Second: in Hoffman Estates, a Chicago Bulls D-League team will be setting up shop in the Sears Centre. The name of the team hasn’t been released, but we do know who will be leading the franchise: long-time Minor League Baseball exec Brad Seymour.
“We are very excited to welcome Brad Seymour to the role and into the Chicago Bulls family. The wealth of experience that Brad brings will ensure that we achieve our goal of creating a first-class organization in the Northwest Suburbs of Chicago. During the interview process, we were impressed with both his business acumen and the importance he places on building relationships with the community. Brad will be a great ambassador and leader for our new team,” said Michael Reinsdorf, President and COO, Chicago Bulls.

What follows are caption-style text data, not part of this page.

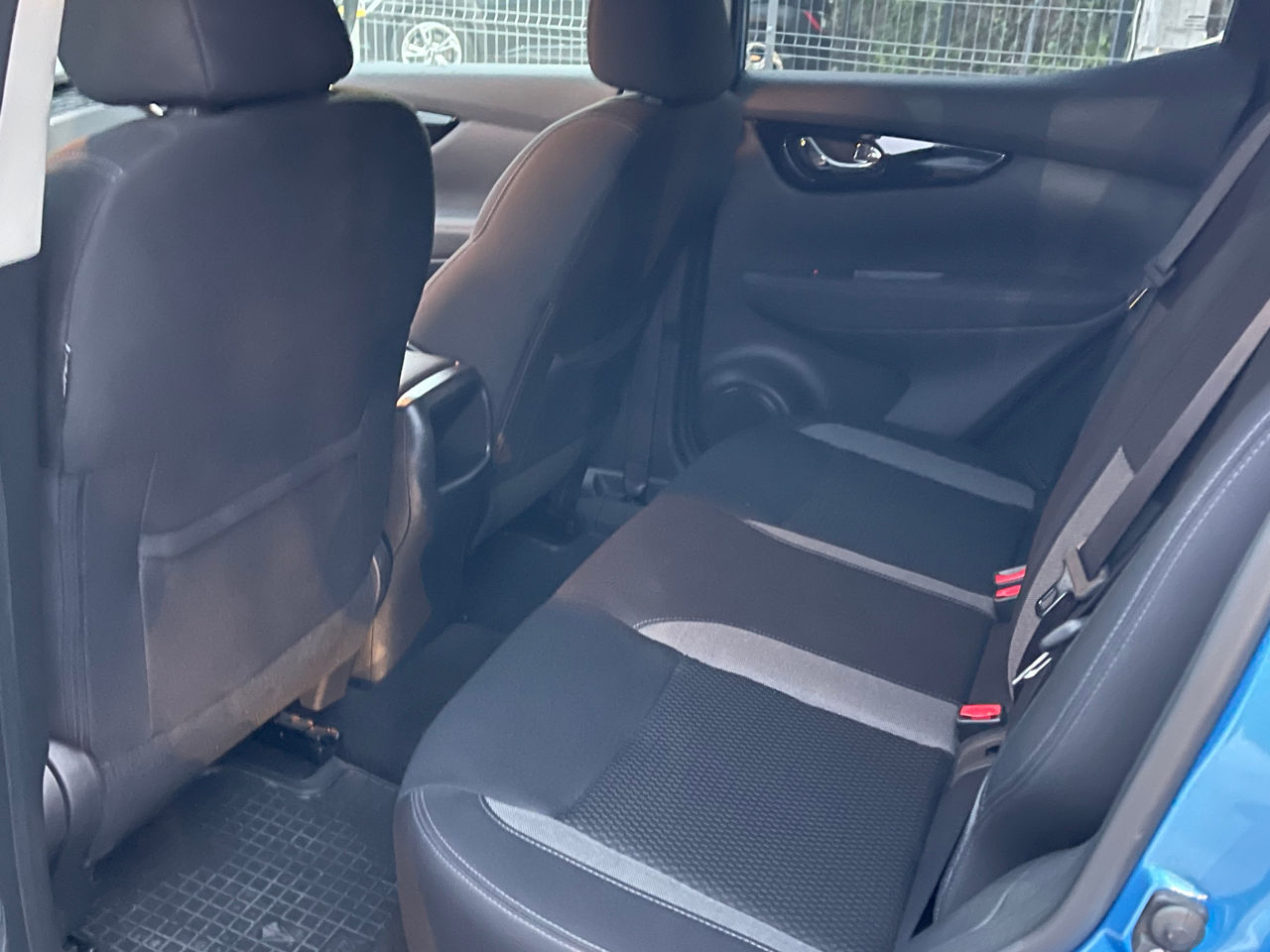Nissan Qashqai foto 10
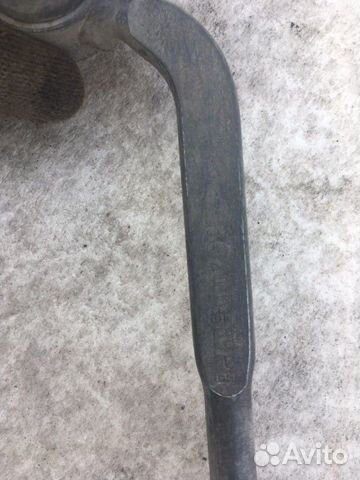 Стойка стабилизатор левая Mercedes Benz W203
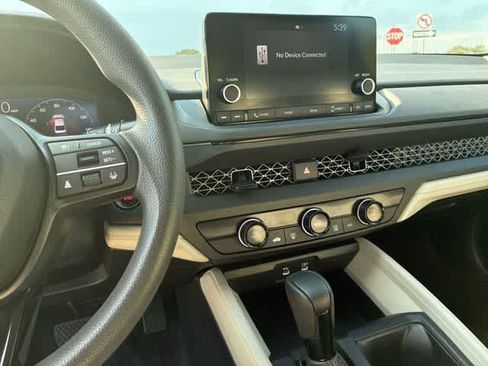 Certified 2024 Honda Accord LX image 18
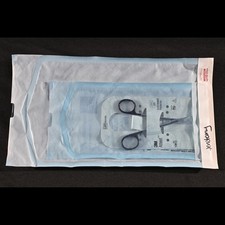 Aesculap BC911R Jameson SuperCut Scissors Delicate Curved B/B 5 1/8 in picture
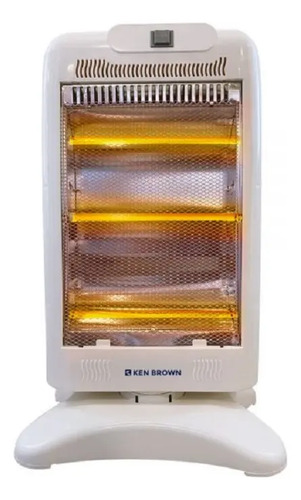 [8673] Calefactor KEN BROWN 3 Velas 1200 Watts (KB-2001)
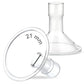 Maymom Myfit 21Mm Classic Shield, Does Not Include Maymom Wide-Mouth Connector, Compatible With Spectra S2 Accessories Spectra S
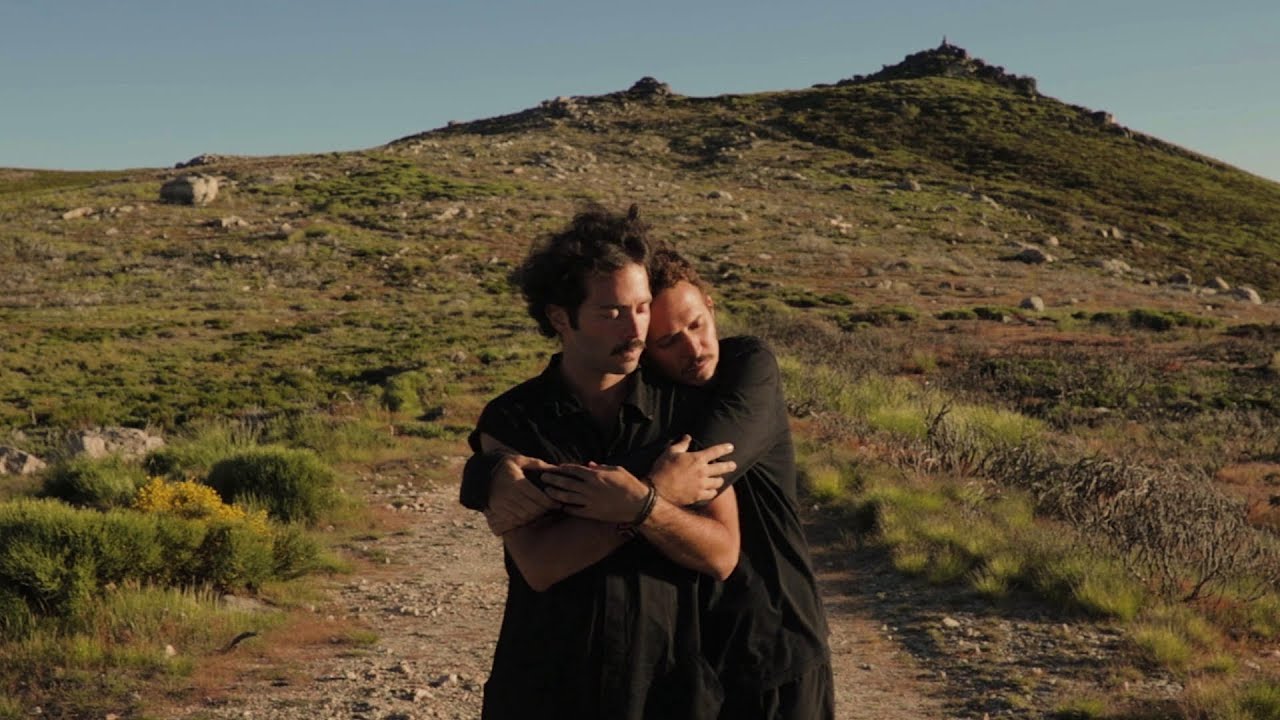 LuizGa & Edgar Valente - Haux Haux (Official Video)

Third: the Long Island Nets, owned by the Brooklyn Nets, will play out of Barclays Center in 2016-2017 and a renovated Nassau Coliseum in 2017-2018 and beyond.
“The creation of a D-League club goes hand in hand with the building of a younger, more athletic Brooklyn Nets team,” said Nets owner Mikhail Prokhorov in a press release. “It will provide additional roster opportunities that will serve us well as we focus on realizing the full potential of our coaches and players, current and future.”
“The Long Island Nets will be a great brand extension of the Brooklyn Nets, and will give us the opportunity to reclaim a territory that was once ours,” said Brooklyn Nets and Barclays Center CEO Brett Yormark. “The creation of the Long Island Nets is indicative of our ownership’s commitment to the Nets and to the franchise’s future success. The new team will also serve as a proving ground for up-and-coming talent in all areas of our business.”
These addition put the NBA Developmental League at 22 teams for 2016-2017, and further expansion could happen in 2017-2018, as Southeastern teams are looking at adding teams in that part of the country. One we do know that’s in the running: Jacksonville Veterans Memorial Arena, where the Orlando Magic is looking at setting up a D-League team. The Magic already have a D-League franchise in Erie, Pa., but a move to Florida would make sense, especially with other NBA teams — Miami, Atlanta and New Orleans — reportedly looking to launch teams in the Southeast, per the Florida Times-Union:
“Having our D-League team closer to Orlando would give us the best opportunity to continue to develop our young players, while also extending the Magic brand in our region,” Martins said.
Other cities invited to submit proposals: Daytona Beach (Ocean Center), Estero (Germain Arena), Fort Myers (Lee Civic Center), Kissimmee (Silver Spurs Arena), Lakeland (Lakeland Civic Center) and Orlando (ESPN Wide World of Sports HP Field House and UCF’s CFE Arena).
Martins said the Magic would make a final decision by late summer.